Economic History of Spain - The Post-Franco Period, 1975-1980s

The Post-Franco Period, 1975-1980s

Franco's death in 1975 and the ensuing transition to democratic rule diverted Spaniards' attention from their economy. The return to democracy coincided with an explosive quadrupling of oil prices, which had an extremely serious effect on the economy because Spain imported 70% of its energy, mostly in the form of Middle Eastern oil. Nonetheless, the centrist government of Adolfo Suarez Gonzalez, which had been named to succeed the Franco regime by King Juan Carlos, did little to shore up the economy or even to reduce Spain's dependence on imported oil, although there was little that could be done as the country had little in the way of hydrocarbon deposits. A virtually exclusive preoccupation with the politics of democratization during the politically and socially unstable period when the new constitution was drafted and enacted, absorbed most of Spain's politics and administration at the expense of economic policy.

Because of the failure to adjust to the changed economic environment brought on by the two oil price shocks of the 1970s, Spain quickly confronted plummeting productivity, an explosive increase in wages from 1974 to 1976, a reversal of migration trends as a result of the economic slump throughout Western Europe, and the steady outflow of labor from agricultural areas despite declining job prospects in the cities. All these factors contributed to a sharp rise in the unemployment rate. Government budgetary deficits swelled, as did large social security cost overruns and the huge operating losses incurred by a number of public-sector industries. Energy consumption, meanwhile, remained high.

When the Spanish Socialist Workers' Party government headed by Felipe González took office in late 1982, inflation was running at an annual rate of 16%, the external current account was US$4 billion in arrears, public spending was large, and foreign exchange reserves had become dangerously depleted. In coping with the situation, however, the Gonzalez government had one asset that no previous post-Franco government had enjoyed, namely, a solid parliamentary majority in both houses of the Cortes (Spanish Parliament). With this majority, it was able to undertake unpopular austerity measures that earlier governments had not.
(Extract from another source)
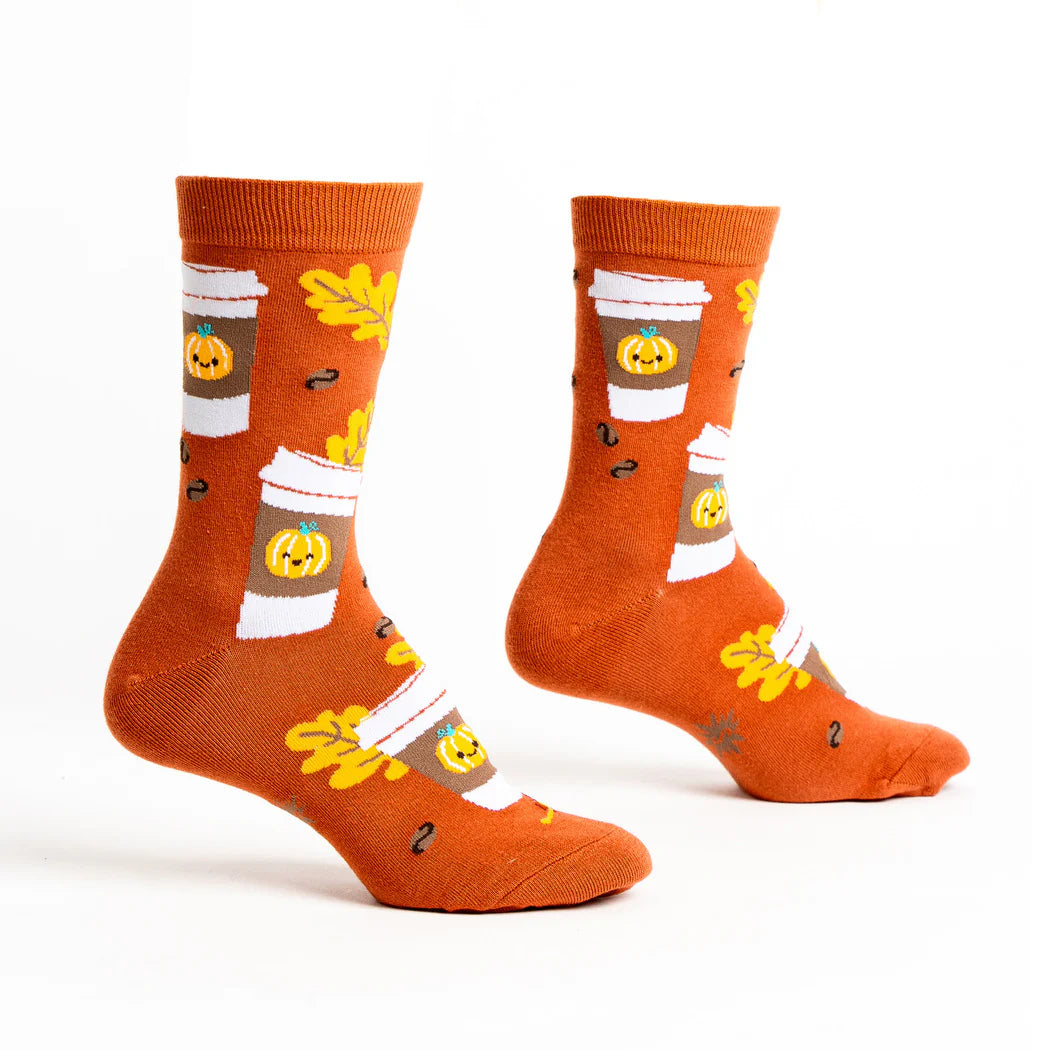 sock it to me socks in burnt orange with cartoon pumpkin spice latte cups and autumnal leaves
The Socialist government opted for pragmatic, orthodox monetary and fiscal policies, together with a series of vigorous retrenchment measures. In 1983 it unveiled a program that provided a more coherent and long-term approach to the country's economic ills. Renovative structural policies—such as the closing of large, unprofitable state enterprises—helped to correct the relatively poor performance of the economy. The government launched an industrial reconversion program, brought the problem-ridden social security system into better balance, and introduced a more efficient energy-use policy. Labor market flexibility was improved, and private capital investment was encouraged with incentives.

By 1985 the budgetary deficit was brought down to 5% of GNP, and it dropped to 4.5% in 1986. Real wage growth was contained, and it was generally kept below the rate of inflation. Inflation was reduced to 4.5% in 1987, and analysts believed it might decrease to the government's goal of 3% in 1988.

Efforts to modernize and to expand the economy together with a number of factors fostered strong economic growth in the 1980s. Those factors were the continuing fall in oil prices, increased tourism, and a massive upsurge in the inflow of foreign investment. Thus, despite the fact that the economy was being exposed to foreign competition in accordance with EC requirements, the Spanish economy underwent rapid expansion without experiencing balance of payments' constraints.

In the words of the OECD's 1987-88 survey of the Spanish economy, "following a protracted period of sluggish growth with slow progress in winding down inflation during the late 1970s and the first half of the 1980s, the Spanish economy has entered a phase of vigorous expansion of output and employment accompanied by a marked slowdown of inflation." In 1981 Spain's GDP growth rate had reached a nadir by registering a rate of negative 0.2%; it then gradually resumed its slow upward ascent with increases of 1.2% in 1982, 1.8% in 1983, 1.9% in 1984, and 2.1% in 1985. The following year, however, Spain's real GDP began to grow strongly, registering a growth rate of 3.3% in 1986 and 5.5% in 1987. Although these growth rates were less than those of the economic miracle years, they were among the strongest of the OECD. Analysts projected a rise of 3.8% in 1988 and of 3.5% in 1989, a slight decline but still roughly double the EC average. They expected that declining interest rates and the government's stimulative budget would help sustain economic expansion. Industrial output, which rose by 3.1% in 1986 and by 5.2% in 1987, was also expected to maintain its expansive rate, growing by 3.8% in 1988 and by 3.7% in 1989.

A prime force generating rapid economic growth was increased domestic demand, which grew by a steep 6% in 1986 and by 4.8% in 1987, in both years exceeding official projections. During 1988 and 1989, analysts expected demand to remain strong, though at slightly lower levels. Much of the large increase in demand was met in 1987 by an estimated 20% jump in real terms in imports of goods and services.

In the mid-1980s, Spain achieved a strong level of economic performance while simultaneously lowering its rate of inflation to within two points of the EC average. However, its export performance, though increasing, raised concerns over the existing imbalance between import and export growth.